Four shots at pumping more life onto South Broad Street
To celebrate its upcoming 20th anniversary, Avenue of the Arts, Inc. (AAI) recently partnered with the Pennsylvania Horticultural Society (PHS) in soliciting proposals from area designers on how to liven up South Broad Street. It’s an issue that continues to puzzle many — why arguably our most mixed-use street (it’s got everything– residents, offices, restaurants, stores, theaters, a university, and several hotels) seldom achieves the vitality that it so promises.
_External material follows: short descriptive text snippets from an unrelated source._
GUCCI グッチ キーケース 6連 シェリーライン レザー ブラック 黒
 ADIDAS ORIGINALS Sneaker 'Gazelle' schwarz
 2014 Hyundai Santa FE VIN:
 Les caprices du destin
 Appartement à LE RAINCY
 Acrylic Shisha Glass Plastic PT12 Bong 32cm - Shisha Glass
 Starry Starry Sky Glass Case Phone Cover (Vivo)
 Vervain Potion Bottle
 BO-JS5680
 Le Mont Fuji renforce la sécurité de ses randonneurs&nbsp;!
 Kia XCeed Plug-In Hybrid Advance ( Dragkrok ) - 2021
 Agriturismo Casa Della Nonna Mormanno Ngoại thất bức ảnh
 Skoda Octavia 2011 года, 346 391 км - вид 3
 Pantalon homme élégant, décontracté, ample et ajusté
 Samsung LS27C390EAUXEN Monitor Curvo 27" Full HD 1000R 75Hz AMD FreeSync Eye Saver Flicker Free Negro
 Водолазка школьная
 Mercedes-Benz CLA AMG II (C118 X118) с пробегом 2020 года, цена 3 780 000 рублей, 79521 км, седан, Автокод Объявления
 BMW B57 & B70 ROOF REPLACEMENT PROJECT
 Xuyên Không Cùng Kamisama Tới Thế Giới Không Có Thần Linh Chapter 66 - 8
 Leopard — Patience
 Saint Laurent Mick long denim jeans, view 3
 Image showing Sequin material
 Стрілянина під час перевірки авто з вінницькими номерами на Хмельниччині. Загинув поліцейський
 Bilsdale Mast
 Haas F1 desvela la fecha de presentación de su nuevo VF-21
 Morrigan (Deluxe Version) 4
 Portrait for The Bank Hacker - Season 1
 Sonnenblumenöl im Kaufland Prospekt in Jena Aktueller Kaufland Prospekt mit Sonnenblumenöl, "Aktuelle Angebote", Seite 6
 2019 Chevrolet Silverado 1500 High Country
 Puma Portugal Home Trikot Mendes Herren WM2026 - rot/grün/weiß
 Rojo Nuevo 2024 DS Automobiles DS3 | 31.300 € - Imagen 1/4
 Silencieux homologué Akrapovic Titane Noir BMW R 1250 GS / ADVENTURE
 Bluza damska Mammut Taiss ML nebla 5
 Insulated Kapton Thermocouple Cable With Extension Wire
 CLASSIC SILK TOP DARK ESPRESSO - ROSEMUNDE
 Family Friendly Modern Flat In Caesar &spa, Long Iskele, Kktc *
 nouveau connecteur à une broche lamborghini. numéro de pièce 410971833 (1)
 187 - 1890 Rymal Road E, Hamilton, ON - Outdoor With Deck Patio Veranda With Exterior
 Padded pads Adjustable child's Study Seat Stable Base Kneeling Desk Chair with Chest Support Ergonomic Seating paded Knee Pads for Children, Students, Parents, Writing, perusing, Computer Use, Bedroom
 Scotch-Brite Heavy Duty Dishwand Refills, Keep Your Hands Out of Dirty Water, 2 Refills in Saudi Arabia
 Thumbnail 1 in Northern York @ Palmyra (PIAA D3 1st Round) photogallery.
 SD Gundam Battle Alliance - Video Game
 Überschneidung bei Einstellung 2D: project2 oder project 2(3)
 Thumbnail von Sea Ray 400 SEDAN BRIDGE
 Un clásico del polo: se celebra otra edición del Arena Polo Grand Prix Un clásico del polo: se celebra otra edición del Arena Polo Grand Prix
Ten firms rose to the challenge and four finalists were selected by AAI’s South Broad Street Task Force. Last Thursday night, PlanPhilly joined a very large crowd to preview their visions.
Thanks to a $20,000 donation from developer Carl Dranoff, each of the four spent time studying the target area (from from City Hall to Washington Avenue) and drafting conceptual drawings that focus on its streetscape. They were provided with no budgetary or other limitations — but, as far as we could tell, ideas for actual buildings do not appear to have been part of the brief.
The four plans will be on view to the general public in the lobby of the Bellevue, at Broad and Walnut Streets, through Wednesday, Nov. 14. A winning design will be announced on Nov. 19, chosen by a panel of judges that includes Dranoff, Sean Buffington, president of the University of the Arts, Deputy Mayor Alan Greenberger, Drew Becher, PHS president, and Paul Levy of the Center City District.
The plans on display will also each include a QR code so citizens can weigh in digitally with their favorites.
Here’s a brief look at the four proposals and our initial responses.
Park It Up. Architects Bohlin Cywinski Jackson are dreaming big, with an ambitious plan that includes a bridge over Washington Ave., sculpture gardens (a rather hopeful Calder stabile is pictured in the drawing), sidewalk widening, an adaptive reuse of the old train depot on Carpenter Street, and, count ’em, at least half a dozen pocket parks. You’ll find no bigger fan of pocket parks than I, but is turning empty lots into more formalized open space the highest and best use for them? (A sculpture garden is a great idea, though!) And while the avenue desperately needs a terminated vista at its southern end, I’m not sure that a bridge is the right answer.
Mix It Up. At Cairone & Kaupp, landscape architect Michael A. DeGregorio says the firm began by considering the “workers, commuters, residents, tourists, and students” that the street draws and whose needs, he says, “it doesn’t often serve.” Since South Broad Street — or SOBRO, as they’ve dubbed it — only offers 102 parking spaces along its two miles of curbs, the firm proposes to get rid of them. (Studies show, DeGregorio adds, that the daily traffic on the strip is about 13,000 cars a day and that even with reduced lanes it could accommodate up to 20,000 without any deleterious effect.) The firm suggests converting the parking lanes to everything from dog parks to play structures, from coffee stops to way-finding kiosks. Cars seldom have a place in the city, so this one speaks to me. I’m no traffic engineer, but the numbers and rationale make sense, as does offering pedestrians amenities that directly relate to their unmet needs.
Jazz It Up. Landscape Architects LRSLA Studio offers the most modest of proposals by advocating that the city hire a cultural curator who will be charged with filling vacant indoor and outdoor spaces with performing artists and the works of visual artists. According to principal, Karen Skafte, the designers imagine a “kit of parts that will allow temporary inhabitation of the street in different ways,” and includes bleachers, canopies, and something it calls a ‘flexbox,’ similar to a kiosk. At Lombard Street and Washington Avenue, it posits adding two bigger park areas. It might be expecting too much of street arts to automatically enliven big public spaces, though. They’re the pepper and spice of an already-vibrant olio, not the meat and potatoes.
Do It Now. Jonathan Alderson, principal, at Jonathan Alderson Landscape Architects, Inc. says his governing mandate for the proposal was to offer “practical and do-able ideas that can be accomplished reasonably quickly and cheaply.” His plan includes the use of moveable planters to adorn the sad Broad Street median, projectors mounted on vans that will aim images on the strip’s buildings, pop-up performance spaces, and the addition of pedestrian-centric lighting on its lamp poles. “We’re really looking at turning the street into a canvas,” he says. Further enhancements down the line, include green roofs “on everything” and community-built green spaces. His images are striking and imaginative, but the Avenue has experimented with a myriad of planting and lighting schemes over the years, to varying degrees of success. At this point, it will be hard to convince anyone that they provide enough of an answer.